INTRODUCTION
- Hydroponic is a soil-less method of growing plants where their roots are suspended in water, offering substantial water conservation benefits which minimises the water usage as compared to soil-based cultivation. However, the usage of water to grow a hydroponic plant still requires a significant amount of water.
- We proposed a solution aimed at reducing the reliance on external water source which makes the system more environmental-friendly. HydroSustain is an innovative watering system that combines hydroponic plants with de-humidification technology to promote sustainable plant growth.
RELATED WORK
- The HydroSustain system draws inspiration from the Not Natural exhibition and builds upon multiple research studies that have concentrated on sustainable practices in hydroponic plant cultivation, and their demands in meticulous care and specialised treatment of plants.
- Our study has explored methods for improving the current hydroponic cultivation by incorporating the reuse of condensed water from dehumidifier, and by integrating various sensors into the system, users can monitor and track the growth of the plants. This real-time monitoring capability enables users to make informed decisions and adjustments, ultimately facilitating the maintenance of an optimal balance of nutrients.
DESIGN IMPLEMENTATION
- Throughout the design iteration, we have improvised the prototype based on our sketches in the brainstorming stage. To refine our idea, we have illustrated our idea through sketches.
- There are three main components in this system, each of them operates independently to collectively fulfil the intended goal: (1) Peltier thermo-electric cooler assembly, (2) Arduino circuit, and (3) laser cut case.
- The underlying principle of the system is using the Peltier effect to cool one side and condense water vapour from the air into liquid water. The Arduino circuit serves as the brain of the system, executing a sketch to automate and control various functions. An interactive touchscreen allows users to initiate actions like water delivery, while displaying real-time measurements of the environmental parameters, enabling users to monitor the growing conditions.
- We conducted two system evaluations: (1) technical evaluation, and (2) user evaluation to test various components in the system to ensure the functionalities work as expected, and its usability focused on the research question–"How well does our plant watering system perform compared to the manual process of watering?" respectively.
DISCUSSION
- This system was initiated to address various challenges associated with watering hydroponic plants, such as monitoring water level, keeping track of the environment conditions and minimising water wastage. It accomplished its purpose of using water collected from dehumidifiers for irrigation. The final prototype received many positive feedback from our users, particularly those who grow plants. The evaluation survey results indicated that our watering system enhanced the overall experiences of watering plants compared to manual methods.
- Some limitations include the air quality significant influence on the quality of the condensed water.
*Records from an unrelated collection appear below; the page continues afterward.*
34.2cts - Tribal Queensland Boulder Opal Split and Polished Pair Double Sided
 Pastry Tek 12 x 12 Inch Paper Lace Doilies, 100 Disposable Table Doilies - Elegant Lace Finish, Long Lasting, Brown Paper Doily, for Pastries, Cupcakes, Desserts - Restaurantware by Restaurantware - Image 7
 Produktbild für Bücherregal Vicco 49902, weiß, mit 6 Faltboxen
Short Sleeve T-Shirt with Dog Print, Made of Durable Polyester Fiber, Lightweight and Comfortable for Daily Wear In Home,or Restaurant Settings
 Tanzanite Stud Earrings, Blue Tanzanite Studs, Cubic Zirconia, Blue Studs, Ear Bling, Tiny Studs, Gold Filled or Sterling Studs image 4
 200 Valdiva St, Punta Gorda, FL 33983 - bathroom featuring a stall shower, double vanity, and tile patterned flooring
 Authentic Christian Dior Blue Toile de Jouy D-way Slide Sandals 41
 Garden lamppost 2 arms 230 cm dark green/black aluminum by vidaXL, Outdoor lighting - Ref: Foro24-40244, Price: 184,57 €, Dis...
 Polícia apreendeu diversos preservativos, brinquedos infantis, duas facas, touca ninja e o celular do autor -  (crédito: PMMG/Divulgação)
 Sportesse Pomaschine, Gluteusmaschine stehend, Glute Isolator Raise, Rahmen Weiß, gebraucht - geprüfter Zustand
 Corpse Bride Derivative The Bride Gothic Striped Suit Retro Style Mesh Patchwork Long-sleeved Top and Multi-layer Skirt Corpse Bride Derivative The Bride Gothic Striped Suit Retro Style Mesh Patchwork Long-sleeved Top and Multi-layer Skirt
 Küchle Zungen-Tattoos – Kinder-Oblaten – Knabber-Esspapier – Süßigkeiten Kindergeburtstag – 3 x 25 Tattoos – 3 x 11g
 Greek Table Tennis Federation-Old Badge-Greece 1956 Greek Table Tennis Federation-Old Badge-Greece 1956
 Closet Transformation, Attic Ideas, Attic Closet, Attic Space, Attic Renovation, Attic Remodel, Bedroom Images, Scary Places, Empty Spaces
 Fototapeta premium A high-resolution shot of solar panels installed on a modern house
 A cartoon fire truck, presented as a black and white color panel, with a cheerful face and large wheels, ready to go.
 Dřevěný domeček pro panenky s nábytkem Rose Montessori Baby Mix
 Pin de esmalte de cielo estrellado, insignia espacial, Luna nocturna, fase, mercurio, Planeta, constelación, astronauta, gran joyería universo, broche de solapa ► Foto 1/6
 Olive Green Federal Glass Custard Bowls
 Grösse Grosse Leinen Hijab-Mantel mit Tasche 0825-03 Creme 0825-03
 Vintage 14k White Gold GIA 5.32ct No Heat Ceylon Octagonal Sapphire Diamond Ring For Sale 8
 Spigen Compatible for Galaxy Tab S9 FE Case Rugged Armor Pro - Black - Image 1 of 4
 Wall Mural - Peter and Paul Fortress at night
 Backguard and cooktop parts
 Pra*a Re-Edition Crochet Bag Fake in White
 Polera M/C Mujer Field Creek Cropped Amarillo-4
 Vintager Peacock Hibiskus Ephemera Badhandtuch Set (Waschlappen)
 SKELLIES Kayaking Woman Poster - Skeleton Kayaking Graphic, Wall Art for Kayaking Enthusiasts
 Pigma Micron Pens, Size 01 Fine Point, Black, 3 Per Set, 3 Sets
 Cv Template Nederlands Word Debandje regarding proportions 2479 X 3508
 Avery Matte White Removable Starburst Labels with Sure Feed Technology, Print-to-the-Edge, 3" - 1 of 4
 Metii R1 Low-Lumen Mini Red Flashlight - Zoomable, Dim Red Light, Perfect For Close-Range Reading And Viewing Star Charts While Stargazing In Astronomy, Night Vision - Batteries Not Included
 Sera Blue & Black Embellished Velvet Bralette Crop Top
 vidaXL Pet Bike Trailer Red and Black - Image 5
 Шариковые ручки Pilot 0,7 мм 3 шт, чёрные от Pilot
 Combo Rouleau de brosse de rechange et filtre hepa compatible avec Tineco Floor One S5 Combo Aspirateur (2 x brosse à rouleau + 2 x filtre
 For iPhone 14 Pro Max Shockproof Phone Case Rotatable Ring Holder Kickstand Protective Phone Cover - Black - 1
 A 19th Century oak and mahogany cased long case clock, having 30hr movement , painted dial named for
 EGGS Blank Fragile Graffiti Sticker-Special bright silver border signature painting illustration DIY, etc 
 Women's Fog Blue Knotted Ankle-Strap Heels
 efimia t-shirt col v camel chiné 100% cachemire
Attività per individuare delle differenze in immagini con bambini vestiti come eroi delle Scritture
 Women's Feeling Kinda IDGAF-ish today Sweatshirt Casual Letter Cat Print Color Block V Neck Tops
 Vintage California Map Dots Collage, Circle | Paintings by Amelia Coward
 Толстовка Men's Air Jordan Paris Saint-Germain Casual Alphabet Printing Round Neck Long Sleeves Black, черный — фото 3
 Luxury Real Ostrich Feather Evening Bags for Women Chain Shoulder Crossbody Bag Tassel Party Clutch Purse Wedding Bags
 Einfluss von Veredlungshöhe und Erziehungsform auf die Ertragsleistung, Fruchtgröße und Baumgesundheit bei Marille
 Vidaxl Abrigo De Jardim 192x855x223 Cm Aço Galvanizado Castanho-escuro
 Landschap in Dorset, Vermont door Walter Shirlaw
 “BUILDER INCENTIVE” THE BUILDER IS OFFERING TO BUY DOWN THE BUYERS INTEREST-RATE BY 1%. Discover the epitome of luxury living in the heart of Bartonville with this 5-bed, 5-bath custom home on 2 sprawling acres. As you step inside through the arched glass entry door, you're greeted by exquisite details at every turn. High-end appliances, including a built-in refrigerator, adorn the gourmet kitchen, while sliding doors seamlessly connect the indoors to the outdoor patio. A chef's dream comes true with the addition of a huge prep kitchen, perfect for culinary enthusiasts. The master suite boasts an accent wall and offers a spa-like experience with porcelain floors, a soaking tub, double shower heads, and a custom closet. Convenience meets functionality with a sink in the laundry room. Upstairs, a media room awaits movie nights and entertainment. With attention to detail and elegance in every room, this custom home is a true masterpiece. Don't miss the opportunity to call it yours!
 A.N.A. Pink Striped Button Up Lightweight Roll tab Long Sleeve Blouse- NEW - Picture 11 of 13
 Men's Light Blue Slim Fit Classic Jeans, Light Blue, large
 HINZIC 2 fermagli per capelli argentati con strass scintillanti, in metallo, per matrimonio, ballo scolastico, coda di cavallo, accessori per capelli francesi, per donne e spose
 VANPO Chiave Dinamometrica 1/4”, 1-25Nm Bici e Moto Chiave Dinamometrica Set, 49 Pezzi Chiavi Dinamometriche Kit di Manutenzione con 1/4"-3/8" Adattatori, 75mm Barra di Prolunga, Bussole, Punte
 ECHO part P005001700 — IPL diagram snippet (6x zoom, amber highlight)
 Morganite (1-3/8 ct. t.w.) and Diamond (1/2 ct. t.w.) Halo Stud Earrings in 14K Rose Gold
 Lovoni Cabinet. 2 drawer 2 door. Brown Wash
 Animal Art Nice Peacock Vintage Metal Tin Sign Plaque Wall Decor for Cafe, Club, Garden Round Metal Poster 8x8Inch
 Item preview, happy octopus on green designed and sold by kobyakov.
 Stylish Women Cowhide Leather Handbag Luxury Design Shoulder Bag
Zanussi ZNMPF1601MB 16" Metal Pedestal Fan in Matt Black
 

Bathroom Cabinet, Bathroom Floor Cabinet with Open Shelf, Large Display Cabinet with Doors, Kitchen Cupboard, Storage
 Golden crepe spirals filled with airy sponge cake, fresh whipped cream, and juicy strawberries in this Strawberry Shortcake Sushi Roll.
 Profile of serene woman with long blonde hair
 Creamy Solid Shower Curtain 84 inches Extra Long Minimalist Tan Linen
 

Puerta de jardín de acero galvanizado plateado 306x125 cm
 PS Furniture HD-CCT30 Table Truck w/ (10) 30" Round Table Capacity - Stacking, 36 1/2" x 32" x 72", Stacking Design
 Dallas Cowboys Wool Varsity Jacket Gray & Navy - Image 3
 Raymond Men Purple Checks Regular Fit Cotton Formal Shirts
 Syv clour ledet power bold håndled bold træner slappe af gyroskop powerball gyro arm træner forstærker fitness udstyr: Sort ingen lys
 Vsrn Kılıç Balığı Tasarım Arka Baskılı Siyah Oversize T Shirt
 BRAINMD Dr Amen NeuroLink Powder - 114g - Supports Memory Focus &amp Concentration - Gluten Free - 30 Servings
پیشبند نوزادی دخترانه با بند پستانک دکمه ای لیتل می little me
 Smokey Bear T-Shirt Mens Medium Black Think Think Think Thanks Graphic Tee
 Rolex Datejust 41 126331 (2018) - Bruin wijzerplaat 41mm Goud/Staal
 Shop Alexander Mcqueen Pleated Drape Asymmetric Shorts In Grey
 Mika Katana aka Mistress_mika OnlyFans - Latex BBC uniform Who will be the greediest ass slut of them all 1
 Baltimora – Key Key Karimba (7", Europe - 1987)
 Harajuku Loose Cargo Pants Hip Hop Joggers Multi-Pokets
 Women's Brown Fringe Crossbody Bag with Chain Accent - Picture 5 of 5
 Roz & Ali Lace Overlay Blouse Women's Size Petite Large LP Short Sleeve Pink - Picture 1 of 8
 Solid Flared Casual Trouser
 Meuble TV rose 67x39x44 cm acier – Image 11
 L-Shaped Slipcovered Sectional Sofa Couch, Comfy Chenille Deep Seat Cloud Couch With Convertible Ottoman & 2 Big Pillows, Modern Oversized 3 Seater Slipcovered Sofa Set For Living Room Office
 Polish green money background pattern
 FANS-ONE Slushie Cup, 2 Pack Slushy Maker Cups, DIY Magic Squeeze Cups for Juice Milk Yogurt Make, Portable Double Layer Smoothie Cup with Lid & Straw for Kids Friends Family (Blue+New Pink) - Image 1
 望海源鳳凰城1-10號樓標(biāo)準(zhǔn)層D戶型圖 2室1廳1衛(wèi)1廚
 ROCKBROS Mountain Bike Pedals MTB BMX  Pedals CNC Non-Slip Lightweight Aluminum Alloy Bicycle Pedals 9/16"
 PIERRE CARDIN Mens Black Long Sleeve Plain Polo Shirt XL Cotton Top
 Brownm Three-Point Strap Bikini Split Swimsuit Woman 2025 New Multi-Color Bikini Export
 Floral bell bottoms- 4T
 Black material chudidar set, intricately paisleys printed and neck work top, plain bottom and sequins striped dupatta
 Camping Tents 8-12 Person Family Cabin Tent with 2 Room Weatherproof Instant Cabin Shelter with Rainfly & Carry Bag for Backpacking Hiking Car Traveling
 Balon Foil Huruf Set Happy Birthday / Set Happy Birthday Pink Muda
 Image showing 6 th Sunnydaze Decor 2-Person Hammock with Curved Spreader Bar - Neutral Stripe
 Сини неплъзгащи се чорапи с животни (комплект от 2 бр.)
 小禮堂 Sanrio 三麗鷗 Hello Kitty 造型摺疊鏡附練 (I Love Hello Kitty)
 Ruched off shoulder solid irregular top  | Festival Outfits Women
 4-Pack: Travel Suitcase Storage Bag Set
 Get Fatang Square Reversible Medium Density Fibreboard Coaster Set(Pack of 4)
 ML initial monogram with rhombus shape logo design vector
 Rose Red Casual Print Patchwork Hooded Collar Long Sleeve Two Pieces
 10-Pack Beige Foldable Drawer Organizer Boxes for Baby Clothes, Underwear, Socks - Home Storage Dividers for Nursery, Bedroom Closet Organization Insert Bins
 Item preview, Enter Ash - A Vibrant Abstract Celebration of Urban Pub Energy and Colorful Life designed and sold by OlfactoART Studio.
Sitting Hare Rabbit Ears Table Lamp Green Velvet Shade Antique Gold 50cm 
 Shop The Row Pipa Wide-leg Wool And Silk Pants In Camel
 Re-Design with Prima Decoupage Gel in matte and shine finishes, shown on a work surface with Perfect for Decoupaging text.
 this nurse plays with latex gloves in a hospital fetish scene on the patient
This concern is particularly critical for irrigation systems or plant watering systems using recycled water. Additionally, the dehumidifier required an additional power supply to match the 12V requirement of the Peltier module, which resulted in excessive energy consumption. There is rapid growth in using renewable energy sources for electricity generation. Lastly, our user feedback from evaluation pinpointed on the importance draining water which was not addressed in our prototype. This overlooked problem can further be improved by incorporating a drainage port, to allow easy cleaning when needed.